*** SOURCE DATA ***

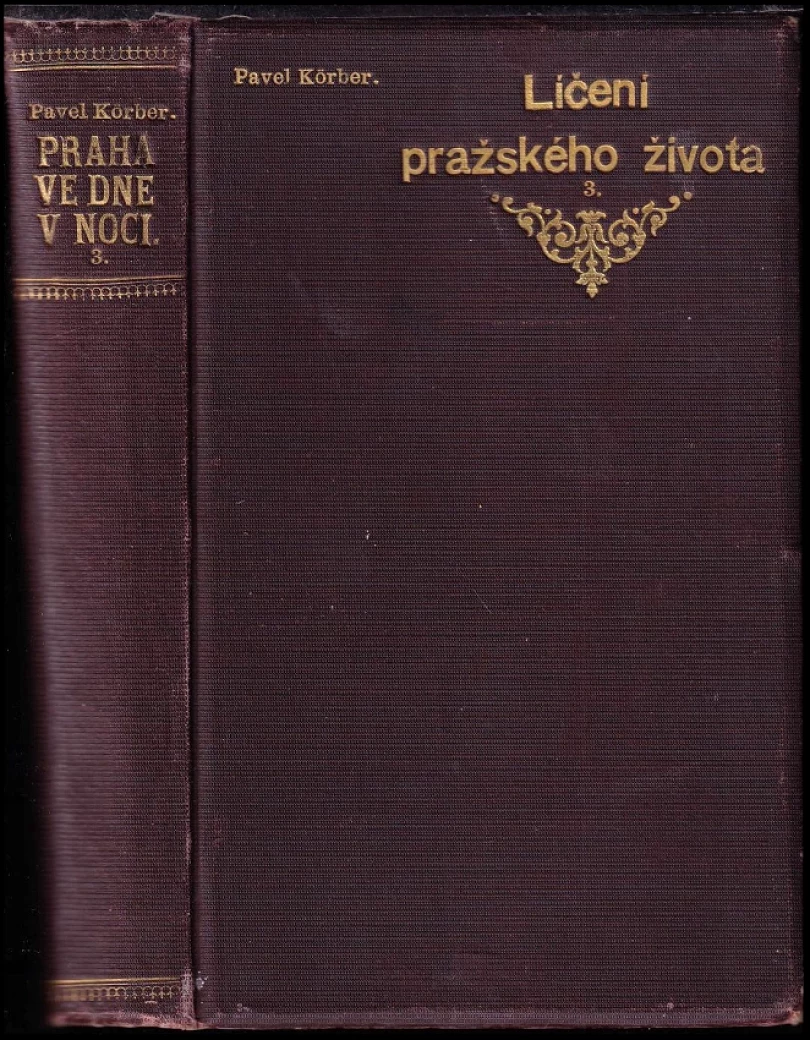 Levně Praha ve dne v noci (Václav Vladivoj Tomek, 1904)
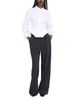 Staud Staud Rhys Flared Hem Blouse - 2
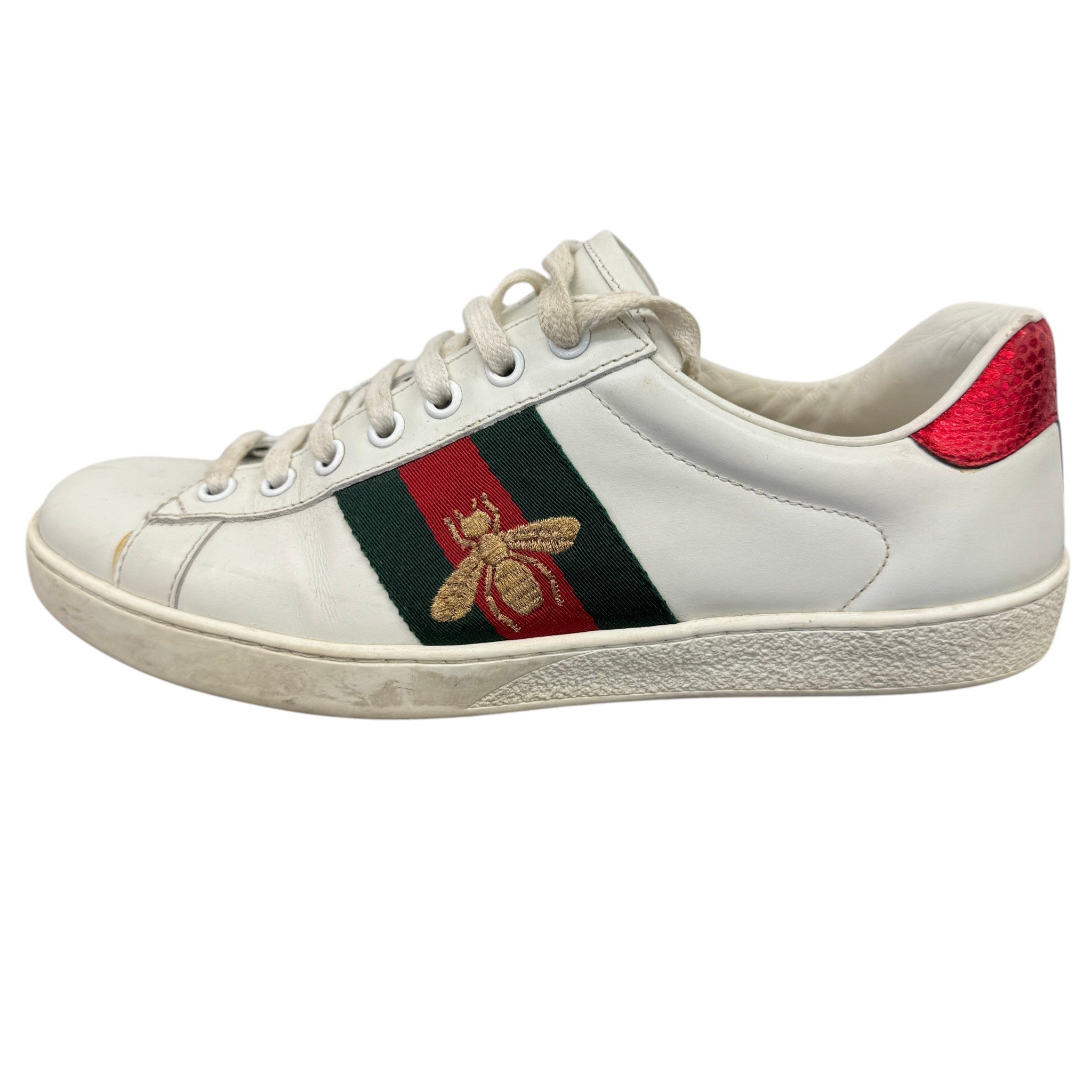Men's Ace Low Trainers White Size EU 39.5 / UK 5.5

*** End of SOURCE DATA ***

:: PROBLEM ::
Give an exact copy of the listing above that leaves out every picture.

:: TASK RESPONSE ::
 Levně Praha ve dne v noci (Václav Vladivoj Tomek, 1904)
 Staud Staud Rhys Flared Hem Blouse - 2
Men's Ace Low Trainers White Size EU 39.5 / UK 5.5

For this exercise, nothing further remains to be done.